Tuesday, 15 January 2013
We Hold These Truths
By Marc Leavitt of Marc Leavitt's Blog
It was shortly after 6AM early one day last month. I scrolled through my Favorites and clicked on Norman Corwin under Media.
“We Hold These Truths popped up on the screen. It was a radio show that celebrated the 150th anniversary of the Bill of Rights, broadcast simultaneously on all four radio networks on December 15, 1941. Sixty-three million Americans listened in.
The show, with a cast of Hollywood and radio luminaries that included Jimmy Stewart, Edward G. Robinson and Orson Welles, was the brainchild of radio’s resident genius, the writer, director and narrator Norman Corwin, who died October 18, 2011, in California, at the age of 101.

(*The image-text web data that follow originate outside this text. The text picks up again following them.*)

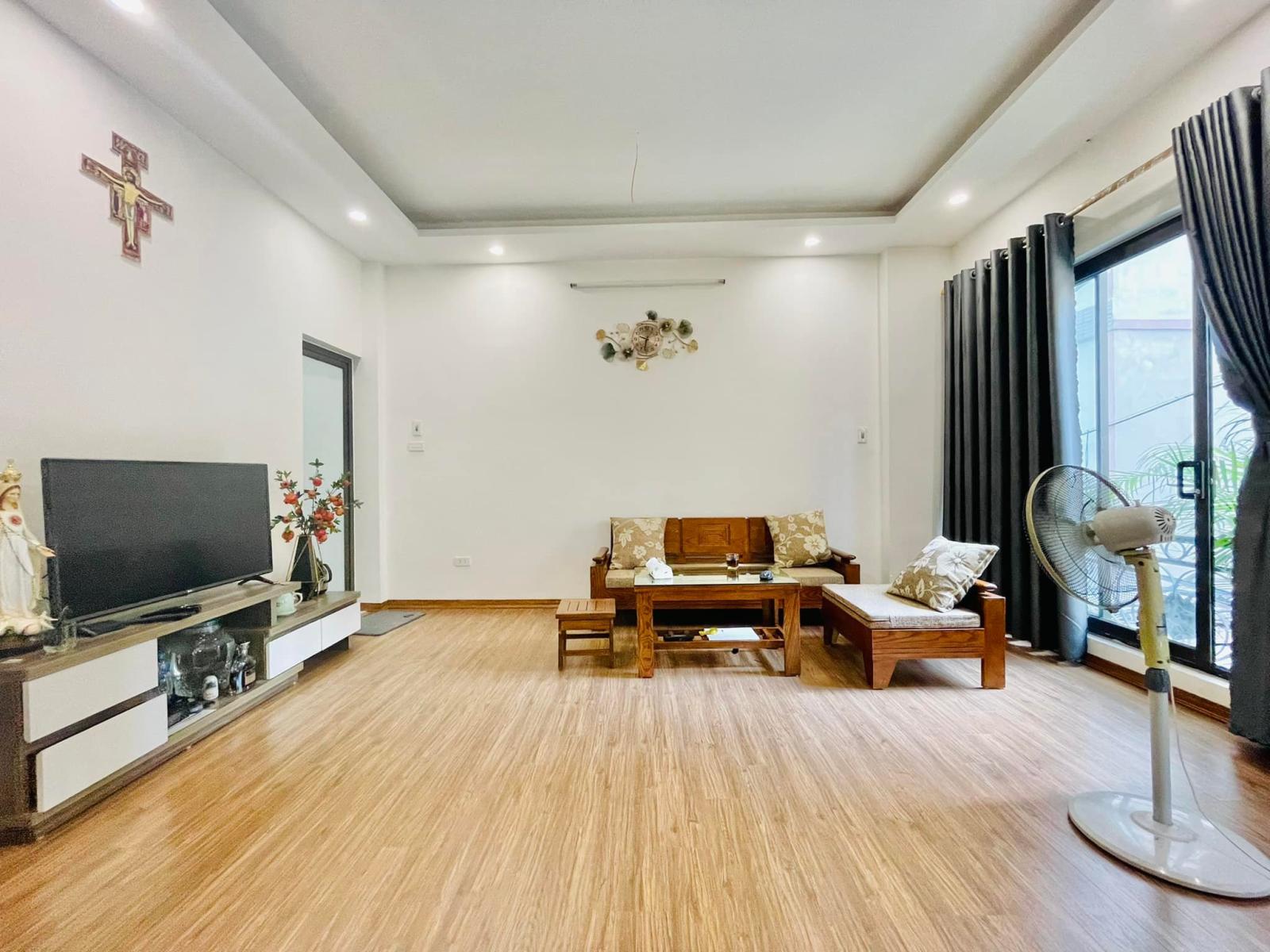 OTO, Ở Ngay,Bán nhà Xã Đàn,2 Thoáng, 50m2x3tầng, giá 5.5 tỷ 12976137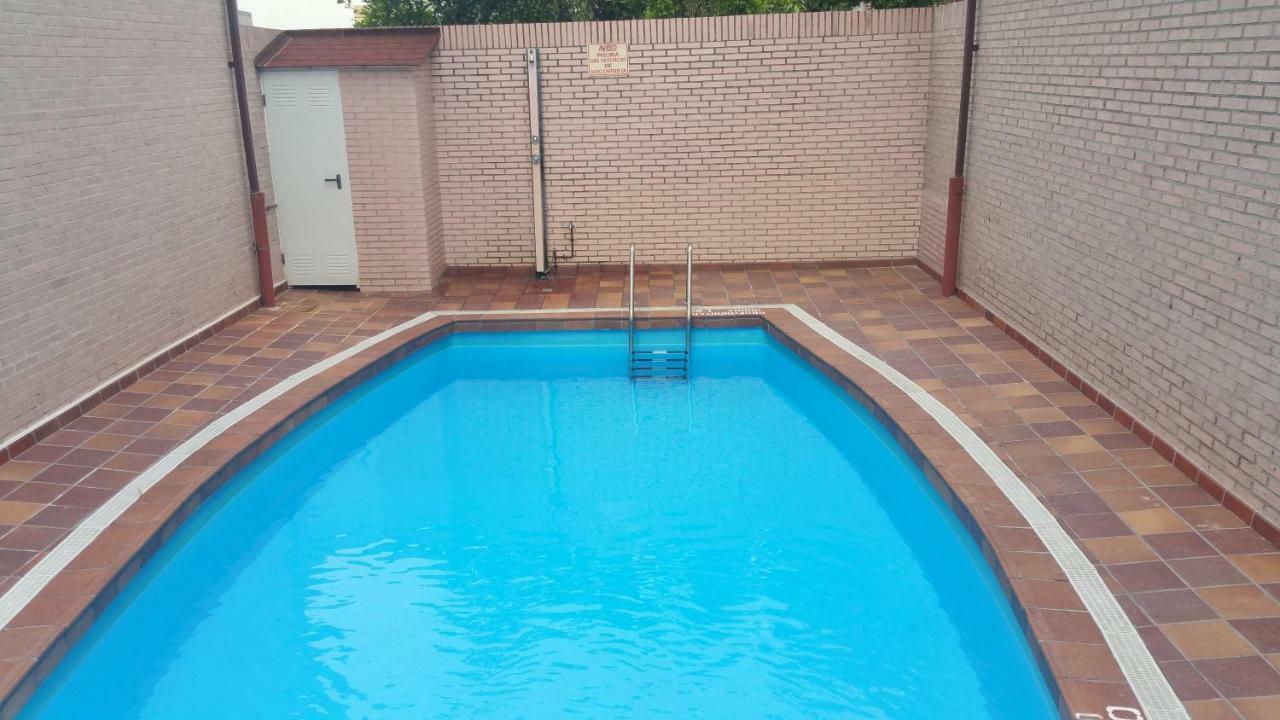 Willa Adosado Con Piscina Y Jardin En Laredo A 100 Mtrs De La Playa Zewnętrze zdjęcie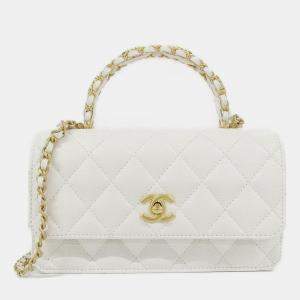 مملوكة مسبقًا Chanel White Leather Chain Clutch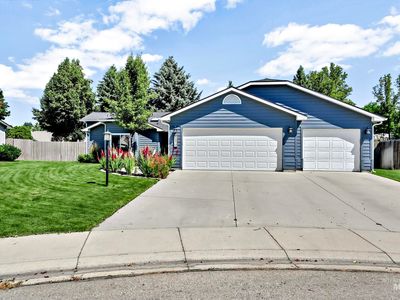 5579 N Rosepoint Way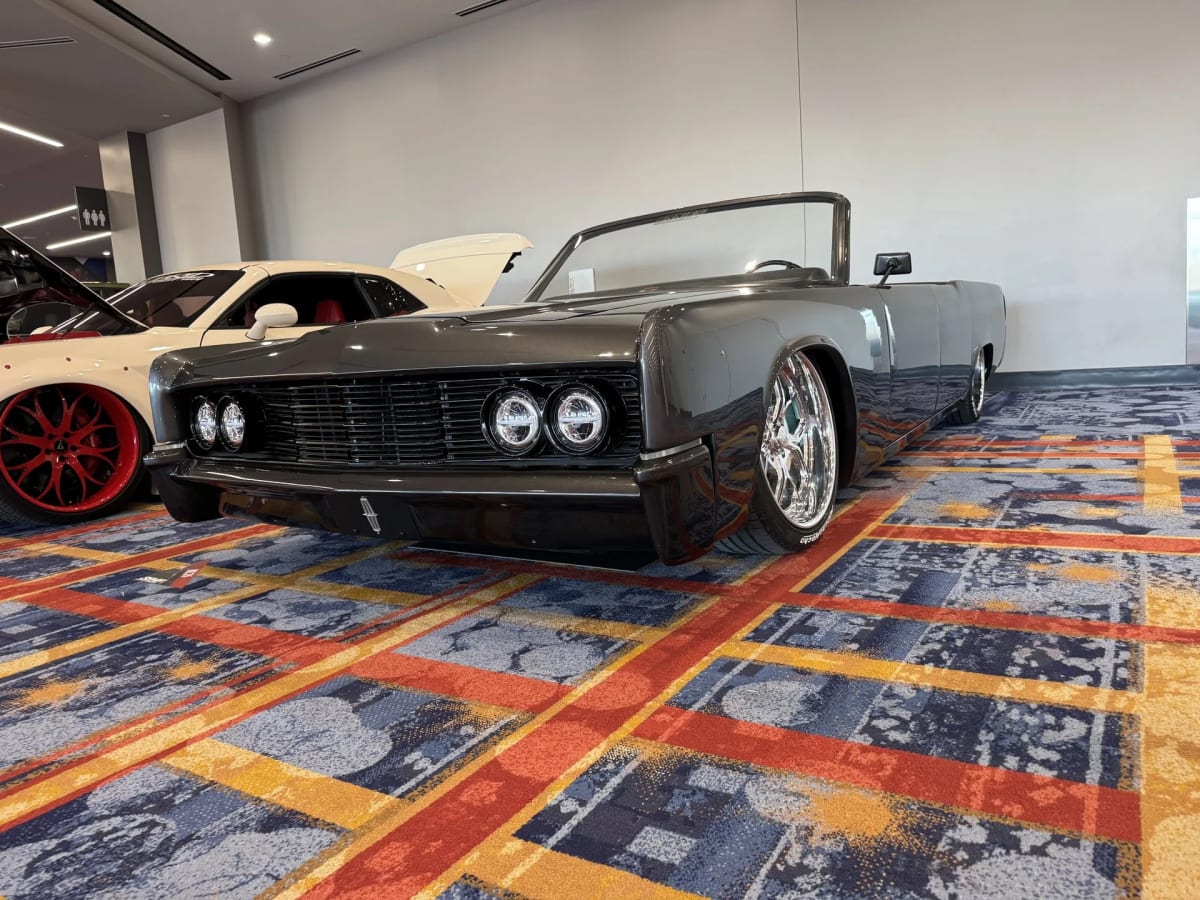 Lincoln Continental custom build by Ernie's Custom Shop, photo 2 of 9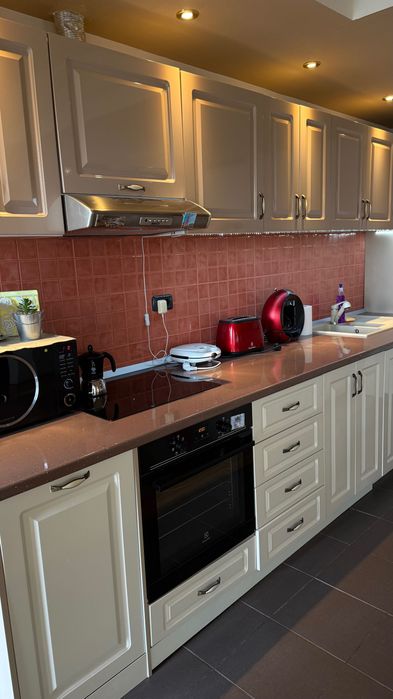 Închiriez Apartament de Lux • 3 Cam • pe malul mării • Terasă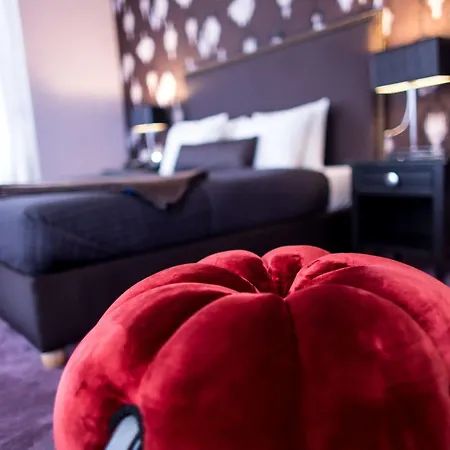 Friday Hotell 4*
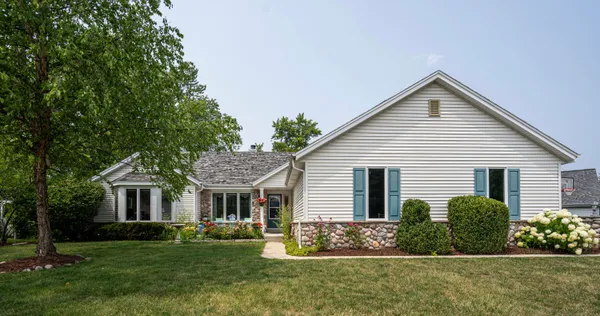 $3,400 | 6429 North Sunny Point Road, Glendale, WI 53217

We Hold These Truths dramatized the signing of the Bill of Rights in 1791, but it also served another purpose: it helped marshal public opinion behind the war that Congress had declared only seven days before, on Monday, December 8, in the wake of Japan’s attack on Pearl Harbor.

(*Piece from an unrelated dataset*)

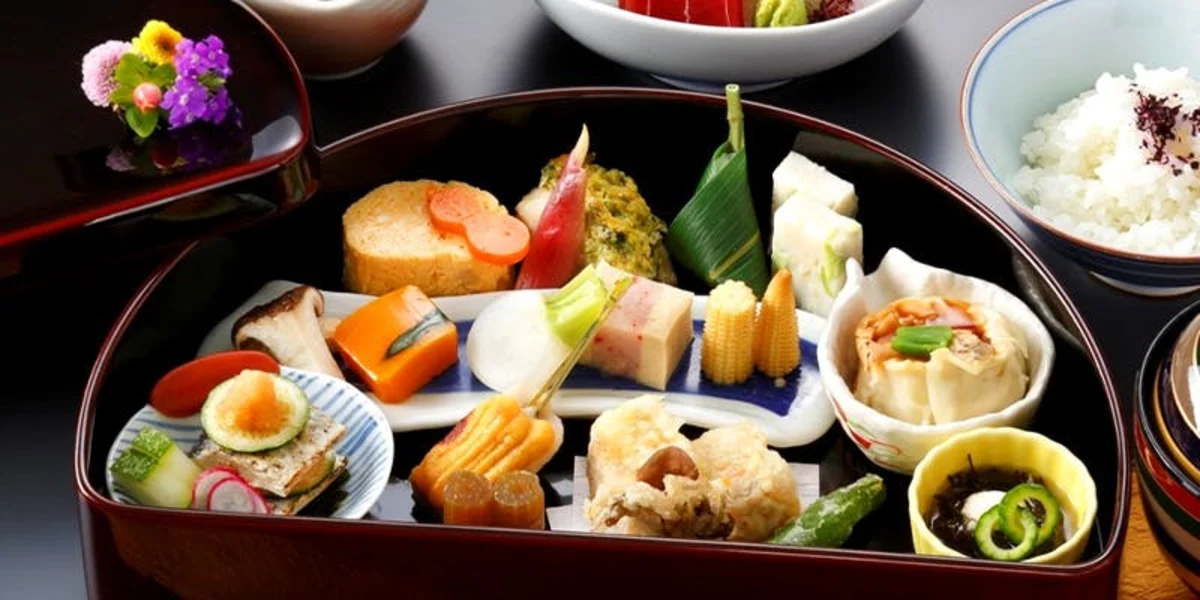 窓側半個室確約！【結婚記念日・誕生日お祝いプラン】和牛肉のステーキ付コース全10品＋1ドリンク付き！【懐石京錦】★東京駅の夜景を望む贅沢なホテルディナー★ 料理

A nation of 132 million peaceful citizens was still in shock over the attack and We Hold These Truths helped them focus on the arduous challenge of another world war.
At the close of the program, the NBC Symphony Orchestra played The Star-Spangled Banner under the baton of Leopold Stokowski. As the strains of the national anthem faded, President Franklin Delano Roosevelt came on the air urging the nation to work as one, and assuring it of victory in the days and months ahead.
Listening to the program 71 years later, cynics may mock the patriotic tone of the narrative, forgetting how different the country was in 1941.
Still suffering from the ravages of the Great Depression, public opinion buffeted daily by isolationists who, until Sunday’s attack, maintained that the war in Europe was none of our affair, We Hold These Truths helped crystallize a nation’s resolve for the task ahead.